To get information on the proportion of zeros for both of the columns
\code{re75} and \code{re78}, and for each of non-black and black, do:
\marginnote{Here, \margtt{colwise()} operates on the objects that are returned
by splitting up the data frame \margtt{nswdemo} according to levels of
\margtt{trt} and \margtt{black}. Note the use of \margtt{ddply()}, not
\margtt{daply()}.
}
\begin{Schunk}
\begin{Sinput}
plyr::ddply(nswdemo, .(trt, black),
colwise(function(x)sum(x==0)/length(x),
.cols=.(re75, re78)))
\end{Sinput}
\begin{Soutput}
trt black re75 re78
1 0 0 0.353 0.1529
2 0 1 0.435 0.3412
3 1 0 0.254 0.0847
4 1 1 0.403 0.2605
\end{Soutput}
\end{Schunk}
\subsection{Use of \pkg{dplyr} with Word War 1 cricketer data}
Data in the data frame \code{cricketer}, extracted by John Aggleton
(now at Univ of Cardiff), are from records of UK first class
cricketers born 1840 -- 1960. Variables are
\begin{list}{}{
\setlength{\itemsep}{1pt}
\setlength{\parsep}{1pt}}
\item[-] Year of birth
\item[-] Years of life (as of 1990)
\item[-] 1990 status (dead or alive)
\item[-] Cause of death: killed in action / accident / in bed
\item[-] Bowling hand -- right or left
\end{list}
The following creates a data frame in which the first column has the
year, the second the number of right-handers born in that year, and
the third the number of left-handers born in that year.

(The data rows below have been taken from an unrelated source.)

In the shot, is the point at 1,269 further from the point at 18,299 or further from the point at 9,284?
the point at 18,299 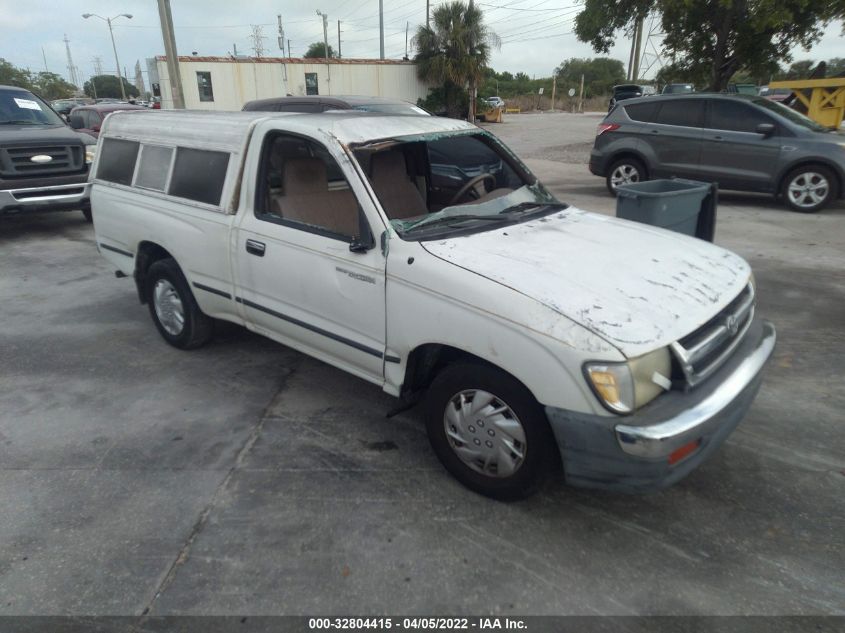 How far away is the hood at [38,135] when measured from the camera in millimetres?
8406

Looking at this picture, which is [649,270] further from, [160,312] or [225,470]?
[160,312]

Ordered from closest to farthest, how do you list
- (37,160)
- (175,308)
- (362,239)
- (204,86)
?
1. (362,239)
2. (175,308)
3. (37,160)
4. (204,86)

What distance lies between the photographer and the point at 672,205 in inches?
210

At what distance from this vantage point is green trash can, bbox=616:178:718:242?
5.30 m

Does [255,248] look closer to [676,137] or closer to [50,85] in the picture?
[676,137]

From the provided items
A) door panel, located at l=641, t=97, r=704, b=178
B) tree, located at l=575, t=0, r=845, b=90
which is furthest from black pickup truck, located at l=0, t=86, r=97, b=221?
tree, located at l=575, t=0, r=845, b=90

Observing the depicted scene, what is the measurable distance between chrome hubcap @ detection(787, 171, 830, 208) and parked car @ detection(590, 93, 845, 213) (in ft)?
0.04

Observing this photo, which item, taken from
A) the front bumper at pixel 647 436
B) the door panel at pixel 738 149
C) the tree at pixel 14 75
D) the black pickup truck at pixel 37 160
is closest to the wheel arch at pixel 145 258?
the front bumper at pixel 647 436

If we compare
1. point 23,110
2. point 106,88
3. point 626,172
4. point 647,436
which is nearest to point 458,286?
point 647,436

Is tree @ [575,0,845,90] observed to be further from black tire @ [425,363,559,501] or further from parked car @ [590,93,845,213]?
black tire @ [425,363,559,501]

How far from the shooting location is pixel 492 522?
2881 mm

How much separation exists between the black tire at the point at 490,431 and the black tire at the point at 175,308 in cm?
233

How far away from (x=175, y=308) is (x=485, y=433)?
9.67ft

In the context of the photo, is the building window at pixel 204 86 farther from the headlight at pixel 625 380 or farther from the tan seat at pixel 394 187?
the headlight at pixel 625 380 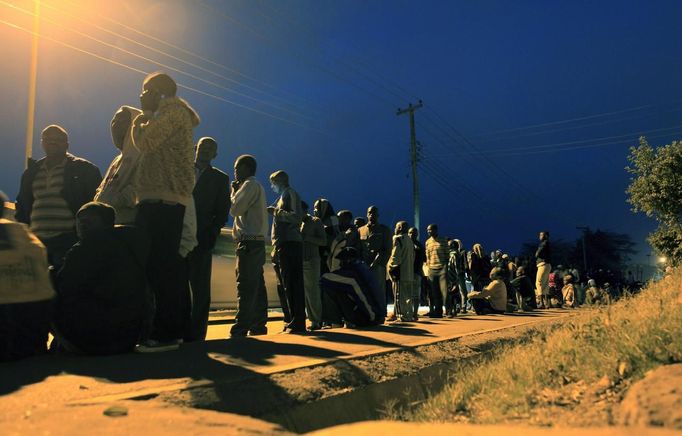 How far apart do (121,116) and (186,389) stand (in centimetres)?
302

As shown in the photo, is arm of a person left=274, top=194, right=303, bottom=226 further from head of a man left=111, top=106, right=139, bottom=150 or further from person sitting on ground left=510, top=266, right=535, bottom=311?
person sitting on ground left=510, top=266, right=535, bottom=311

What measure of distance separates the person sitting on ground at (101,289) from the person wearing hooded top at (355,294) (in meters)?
3.18

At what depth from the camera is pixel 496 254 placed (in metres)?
16.5

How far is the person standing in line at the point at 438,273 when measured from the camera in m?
10.7

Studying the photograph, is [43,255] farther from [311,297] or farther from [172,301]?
[311,297]

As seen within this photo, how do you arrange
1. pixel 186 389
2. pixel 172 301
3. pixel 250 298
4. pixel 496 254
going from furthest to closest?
pixel 496 254
pixel 250 298
pixel 172 301
pixel 186 389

\marginnote[12pt]{Both \pkg{plyr} and \pkg{dplyr} have functions
\margtt{summarise()}. As in the code shown, detach \pkg{plyr}
before proceeding. Alternatively, or additionally,
specify \margtt{dplyr::summarise()} rather than \margtt{summarise()}}.
\begin{Schunk}
\begin{Sinput}
library(DAAG)
detach("package:plyr")
library(dplyr)
\end{Sinput}
\begin{Sinput}
names(cricketer)[1] <- "hand"
gpByYear <- group_by(cricketer, year)
lefrt <- dplyr::summarise(gpByYear,
left=sum(hand=='left'),
right=sum(hand=='right'))
## Check first few rows
lefrt[1:4, ]
\end{Sinput}
\begin{Soutput}
# A tibble: 4 x 3
year left right
<int> <int> <int>
1 1840 1 6
2 1841 4 16
3 1842 5 16
4 1843 3 25
\end{Soutput}
\end{Schunk}
The data frame is split by values of \code{year}. Numbers of left
and right handers are then tabulated.
\marginnote[12pt]{Note that a cricketer who was born in 1869 would be
45 in 1914, while a cricketer who was born in 1896 would be 18 in 1914.}
From the data frame \code{cricketer}, we determine the range of birth
years for players who died in World War 1. We then extract data for
all cricketers, whether dying or surviving until at least the final
year of Workd War 1, whose birth year was within this range of years.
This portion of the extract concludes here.